══ Supplied material

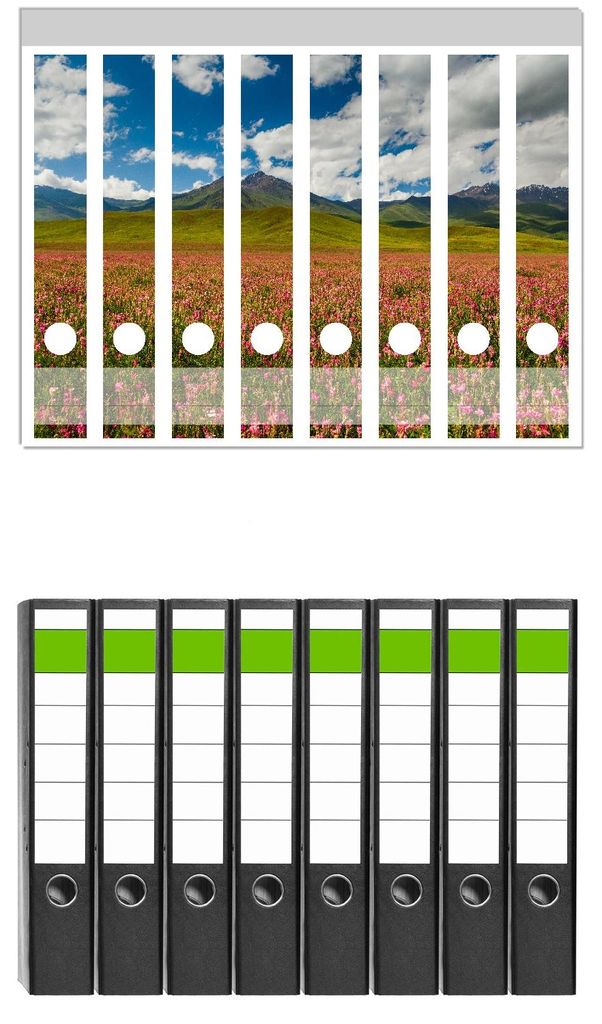 Wallario 8 Stück schmale Ordner inkl. Klebeetiketten mit Motive Berglandschaft im Sommer - Set mit Rückenschildern / Ordnerrücken Stickern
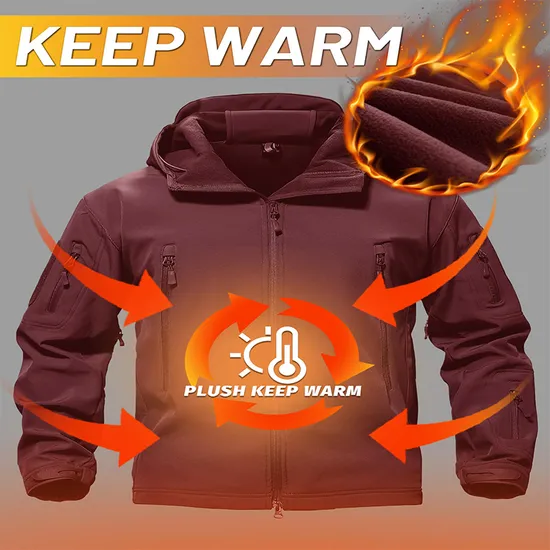 Men Fashion Outdoor Hiking Warm Coat Water-Repellent Windproof Softshell Jacket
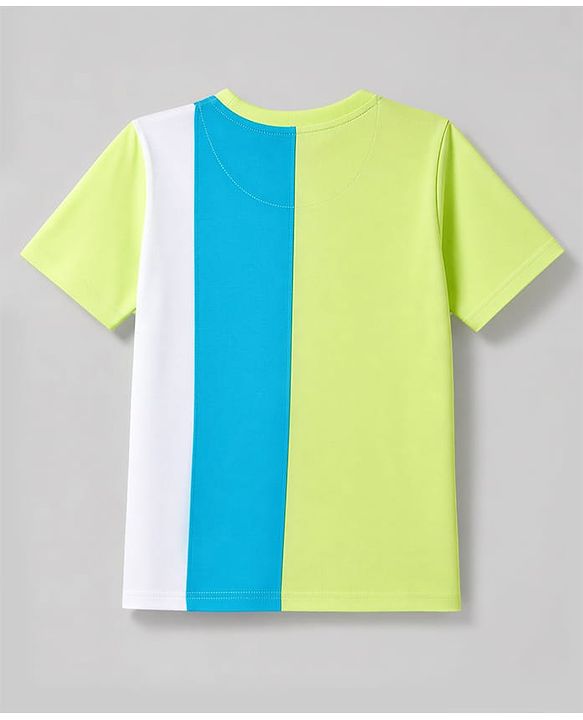 Pine Kids Cotton Knit T-Shirts with Half Sleeves and Color Block Pattern - Limegreen
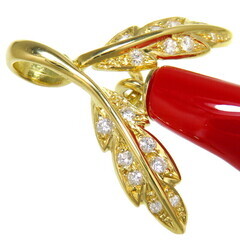 血赤サンゴ/珊瑚 14.51ct ダイヤモンド 計0.19ct ペンダントトップ K18 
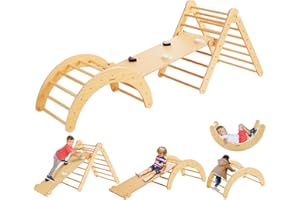 Beright 4 in 1 Pikler Triangle Set Upgraded, Foldable Toddler Climbing Toys Indoor Playground, Montessori Learning Toys, Kids Indoor Gym with with Arch, Ramp, Learning Waldorf Toy, Black&White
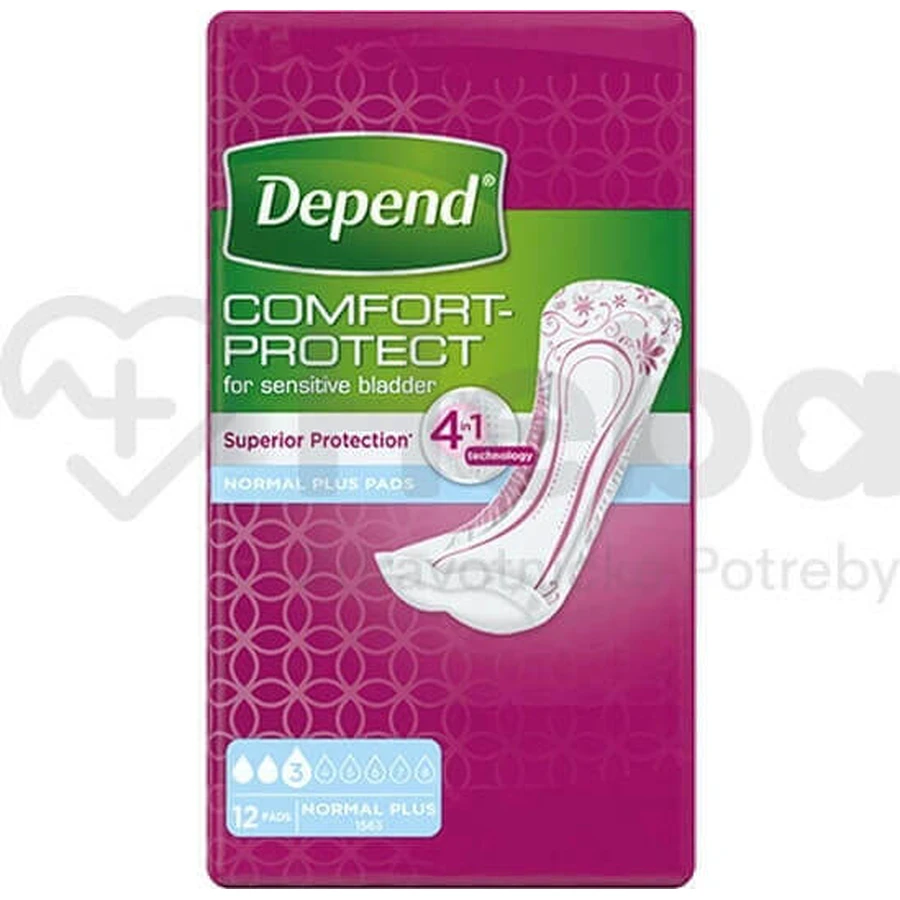 DEPEND NORMAL PLUS 1×12 шт, прокладки для недержания 10×28 см: цены и характеристики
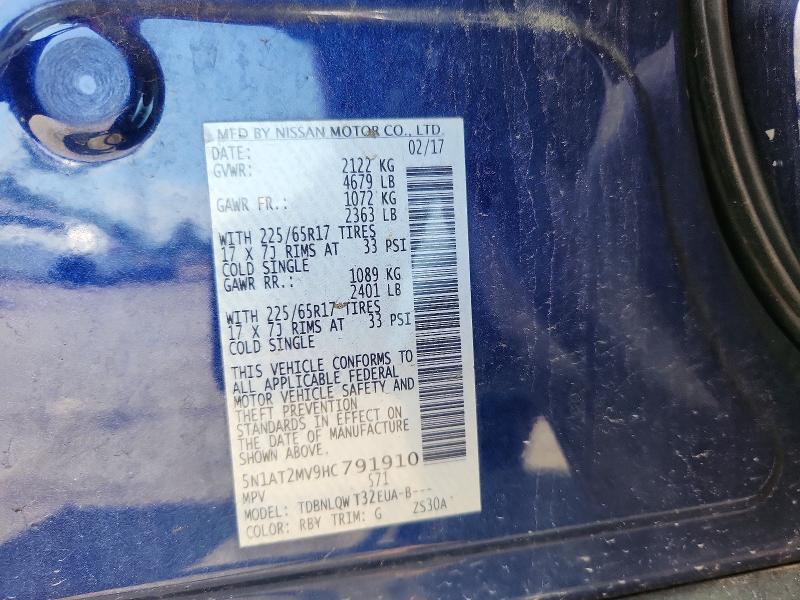 Продаж на аукціоні авто 2017 Nissan Rogue, vin: 5N1AT2MV9HC791910, номер лоту: 62506756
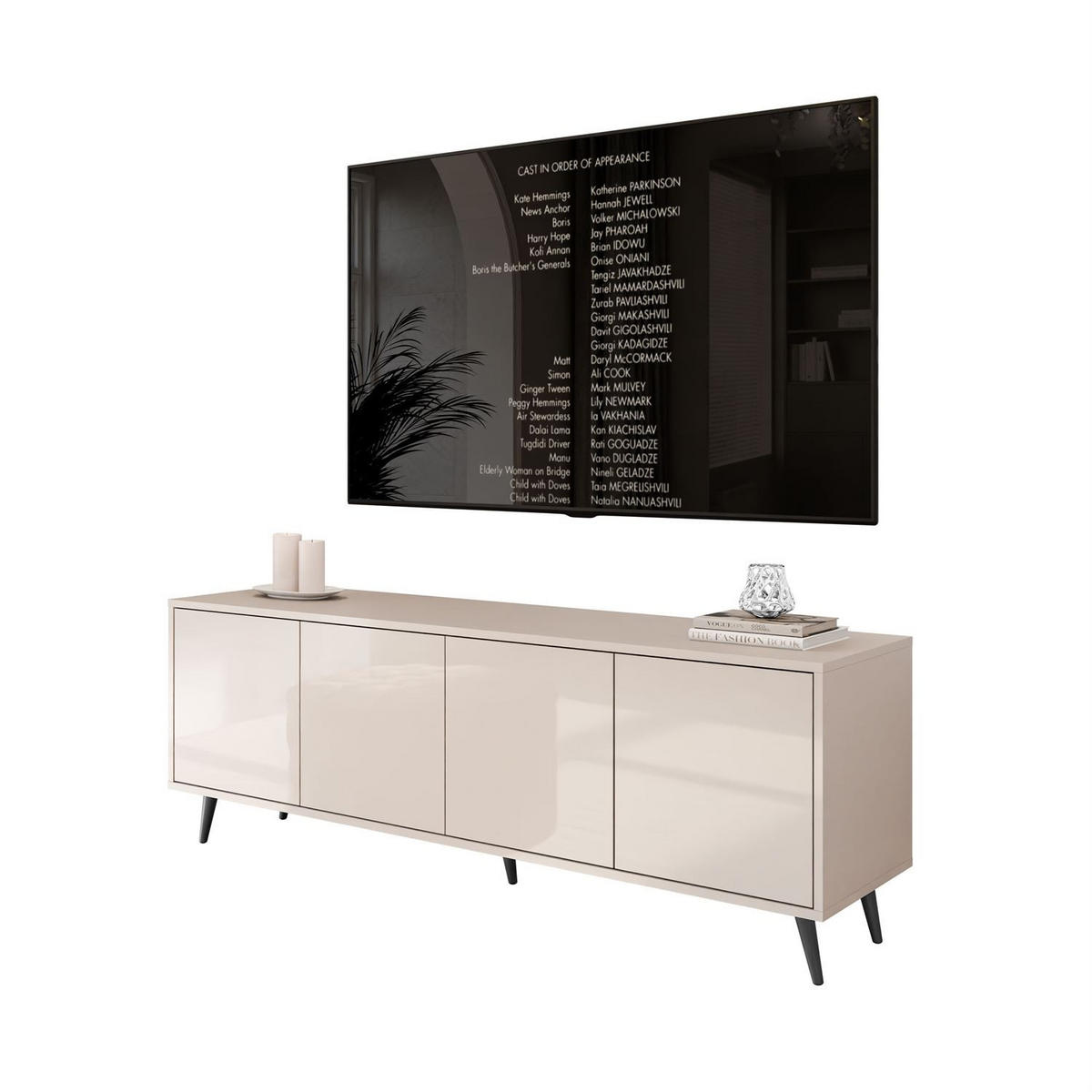 TV-SCHRANK SANAYI Kaschmir Hochglanz – schräge schwarze Beine - Kaschmir, Holzwerkstoff (156/54/38cm) - Lookway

════

#### Your objective:
When you reach the line with "DEPEND NORMAL PLUS" in the entries above, start copying, and go on word for word to the last line; skip any picture.

#### Task output:
 DEPEND NORMAL PLUS 1×12 шт, прокладки для недержания 10×28 см: цены и характеристики
 Продаж на аукціоні авто 2017 Nissan Rogue, vin: 5N1AT2MV9HC791910, номер лоту: 62506756
 TV-SCHRANK SANAYI Kaschmir Hochglanz – schräge schwarze Beine - Kaschmir, Holzwerkstoff (156/54/38cm) - Lookway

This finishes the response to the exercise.